Now the devastation increases and the houses begin to be mere rubbish heaps of brick and mortar as we approach the Place de la Cathédrale.

At length we stand before the famous Cathedral of Rheims itself. I know of no more impressive place to be in the closing days of the year 1916 than here at the front of the terrible world war.

In this edifice is symbolised all that civilisation of ours that culminated in the Twentieth Century, now to be razed to the ground. For lo, these seven hundred years, even as the two great towers above us have lifted the infinite beauty of their architectural lace-work against the blue-domed sky, some thirty generations of the human soul have sent their aspirations heavenward on the incense of prayer. Over these very stones beneath our feet, king after king of France has walked, to receive the crown of Charlemagne and to be anointed before this altar from "le sainte ampouli." And now here to-day is history in no dead and musty pages but in the making, white-hot from the anvil of the hour!
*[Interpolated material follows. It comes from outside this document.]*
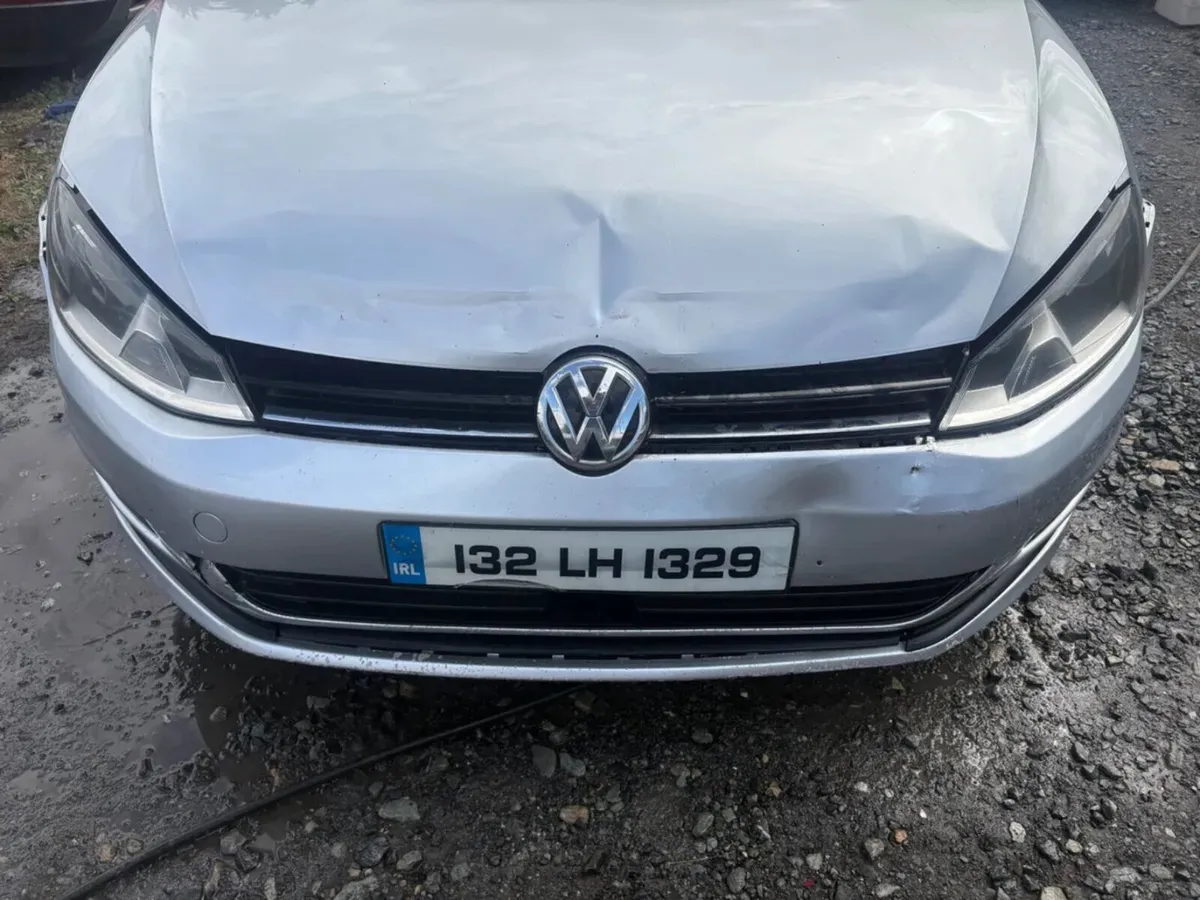 2013 Vw Golf 2.0 Tdi driving - Image 2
Only a little overa mile away are the German guns that from day to day shower the shell-fire of their destruction on the city. This spot upon which we stand is their particular objective point of attack. Hear! There is a rumbling detonation. We wait hushed for an instant. But the sound is not repeated. You see, already there have been some 30,000 shells poured on Rheims. Twelve hundred fell in one day only. At any moment there may be more.